In order to reduce excessive speculative trading in oil and natural gas, US Senator Ron Wyden has introduced the Stop Tax-breaks for Oil Profiteering (STOP) Act of 2009.

The legislation would end tax breaks that non-commercial speculators currently enjoy, and tax all profits at the same rate as ordinary income for tax-paying investors. Oil and gas trading gains would be treated as unrelated business income for tax-exempt investors.

According to Wyden, commodities markets have been flooded with hundreds of billions of dollars in speculative investments in oil and gas commodities, which affects volatility in the markets and high oil and gas prices for consumers.

“The tax code has fueled an explosion of speculators who are distorting oil and gas markets and driving up prices for everybody,” said Wyden. “The STOP Act will take away the unfair tax breaks for speculators like hedge funds and help drive away anyone looking to make a fast buck by gaming the market.”

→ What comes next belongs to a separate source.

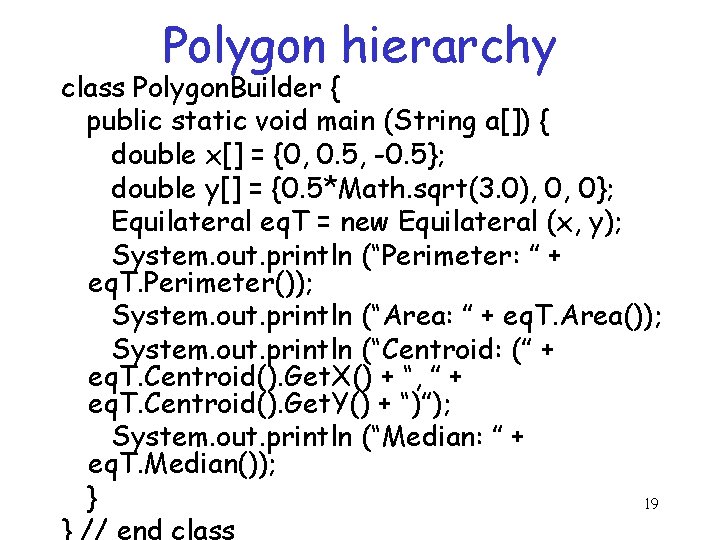 Polygon hierarchy class Polygon. Builder { public static void main (String a[]) { double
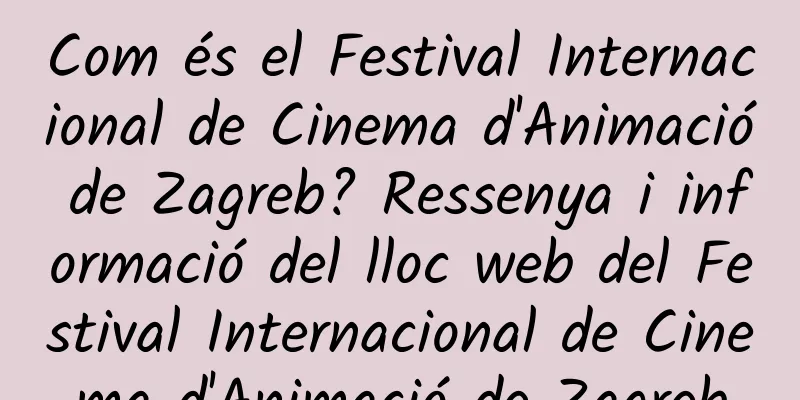 Com és el Festival Internacional de Cinema d'Animació de Zagreb? Ressenya i informació del lloc web del Festival Internacional de Cinema d'Animació de Zagreb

Under current tax law, commercial buyers, such as airlines, trucking companies, and independent refiners, who need to buy oil or other fuels or futures contracts in order to run their businesses pay ordinary income tax on any profits from such trading. By contrast, speculators often pay lower capital gains rates on their oil and gas trading profits. Unlike commercial businesses that try to consume less oil when prices rise, speculators can react to rising prices by buying more oil and futures contracts.

Wyden considers that this distorts the normal supply-demand balance of the markets and increases the price of the commodity. Tax-exempt investors, such as pension funds and university endowments, pay no taxes at all on these investments. Under the STOP Act, tax-exempt entities would be required to pay unrelated business income tax on such investments.

In 2000, speculative trading in the oil futures markets accounted for 37% of crude oil trading on the New York Mercantile Exchange. By mid-year last year, that number had grown to more than 70%.